** Work to be completed **
Look below for the line that contains "It's Eric from", then quote it and all the lines after it, exactly, with the pictures left out.

** Information supplied **
# # #
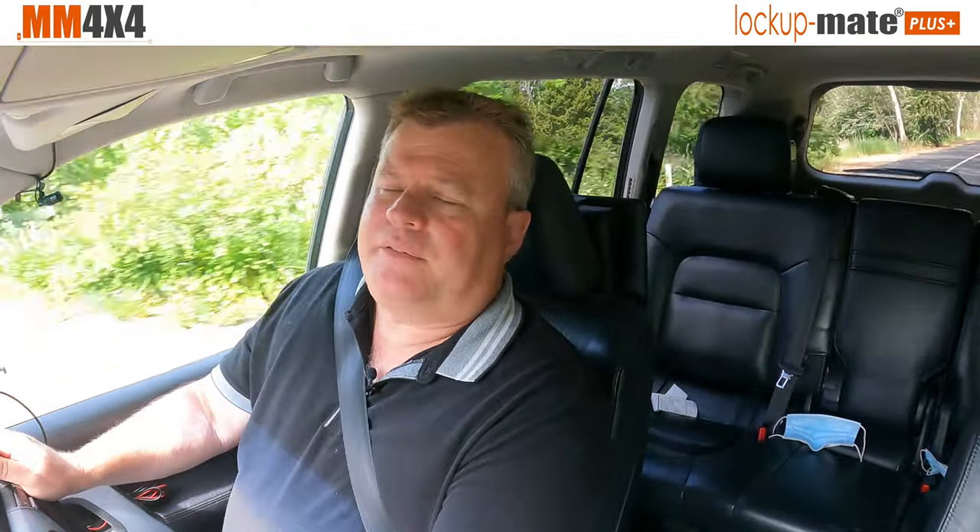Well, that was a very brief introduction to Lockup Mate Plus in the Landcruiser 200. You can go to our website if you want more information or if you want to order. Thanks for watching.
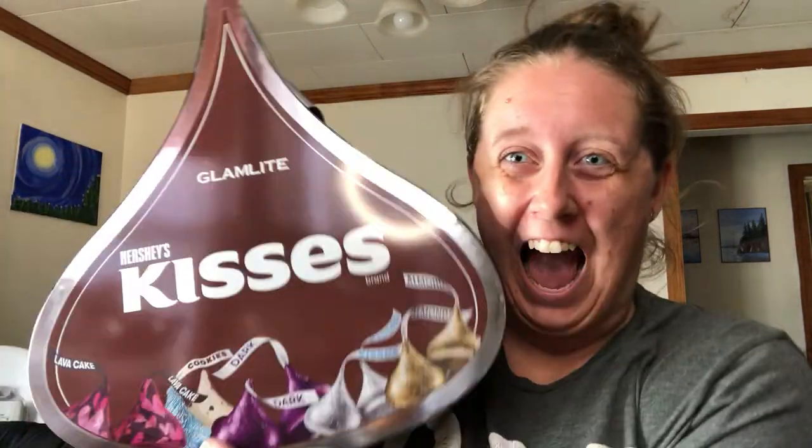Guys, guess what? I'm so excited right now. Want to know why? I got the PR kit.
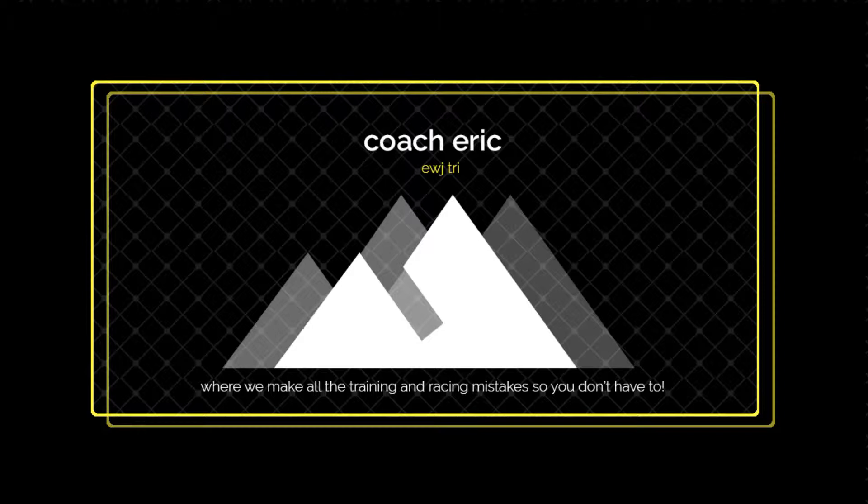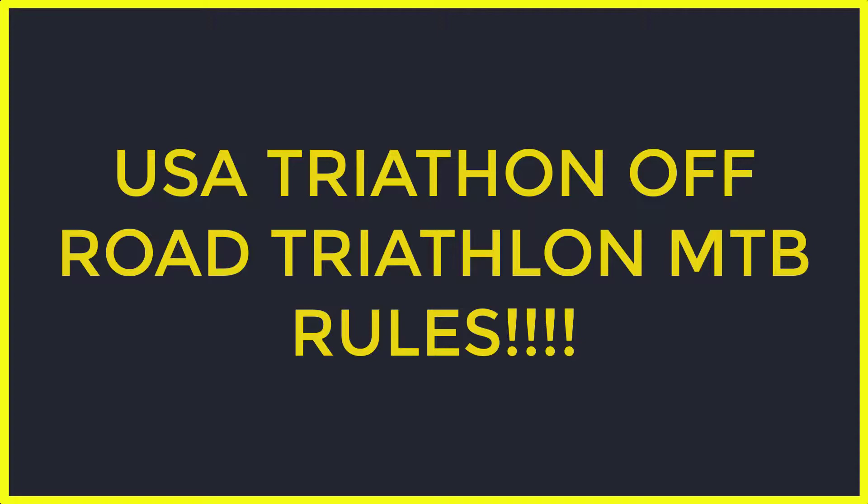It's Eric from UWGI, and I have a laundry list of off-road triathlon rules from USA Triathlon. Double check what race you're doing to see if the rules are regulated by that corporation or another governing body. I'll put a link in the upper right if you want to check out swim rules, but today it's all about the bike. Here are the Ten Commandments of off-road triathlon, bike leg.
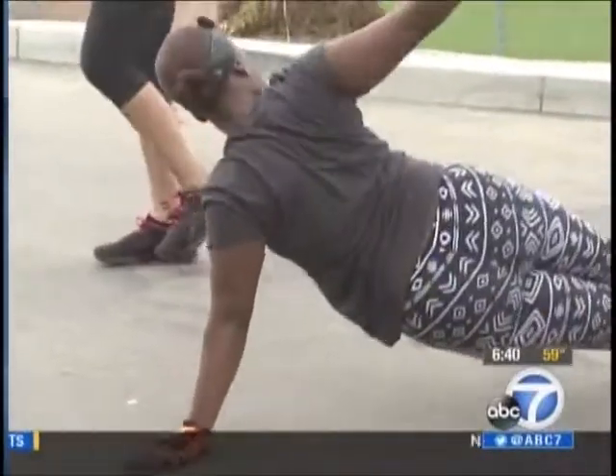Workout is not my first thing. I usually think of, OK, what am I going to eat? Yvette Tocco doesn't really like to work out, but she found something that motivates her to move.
# # #
** Output of the exercise **
It's Eric from UWGI, and I have a laundry list of off-road triathlon rules from USA Triathlon. Double check what race you're doing to see if the rules are regulated by that corporation or another governing body. I'll put a link in the upper right if you want to check out swim rules, but today it's all about the bike. Here are the Ten Commandments of off-road triathlon, bike leg.
Workout is not my first thing. I usually think of, OK, what am I going to eat? Yvette Tocco doesn't really like to work out, but she found something that motivates her to move.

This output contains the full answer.